**Provided data**:
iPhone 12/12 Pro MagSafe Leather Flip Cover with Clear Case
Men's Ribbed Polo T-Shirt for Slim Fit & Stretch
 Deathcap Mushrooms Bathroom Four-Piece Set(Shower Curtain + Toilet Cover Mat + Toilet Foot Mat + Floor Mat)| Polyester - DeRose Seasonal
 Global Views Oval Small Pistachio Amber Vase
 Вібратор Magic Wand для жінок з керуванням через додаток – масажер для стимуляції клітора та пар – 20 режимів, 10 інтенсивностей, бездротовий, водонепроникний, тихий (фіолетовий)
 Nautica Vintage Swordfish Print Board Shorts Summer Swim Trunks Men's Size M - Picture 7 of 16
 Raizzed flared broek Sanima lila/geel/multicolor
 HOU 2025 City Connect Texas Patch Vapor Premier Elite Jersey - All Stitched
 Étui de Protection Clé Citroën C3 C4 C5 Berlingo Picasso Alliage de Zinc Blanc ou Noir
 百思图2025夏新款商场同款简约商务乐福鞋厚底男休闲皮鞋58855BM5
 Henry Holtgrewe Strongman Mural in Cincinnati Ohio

**What is needed**: The lines wanted are those from the one with "Nautica Vintage Swordfish" through the last line of the records, repeated exactly and with both ends included.

**Answer**:
 Nautica Vintage Swordfish Print Board Shorts Summer Swim Trunks Men's Size M - Picture 7 of 16
 Raizzed flared broek Sanima lila/geel/multicolor
 HOU 2025 City Connect Texas Patch Vapor Premier Elite Jersey - All Stitched
 Étui de Protection Clé Citroën C3 C4 C5 Berlingo Picasso Alliage de Zinc Blanc ou Noir
 百思图2025夏新款商场同款简约商务乐福鞋厚底男休闲皮鞋58855BM5
 Henry Holtgrewe Strongman Mural in Cincinnati Ohio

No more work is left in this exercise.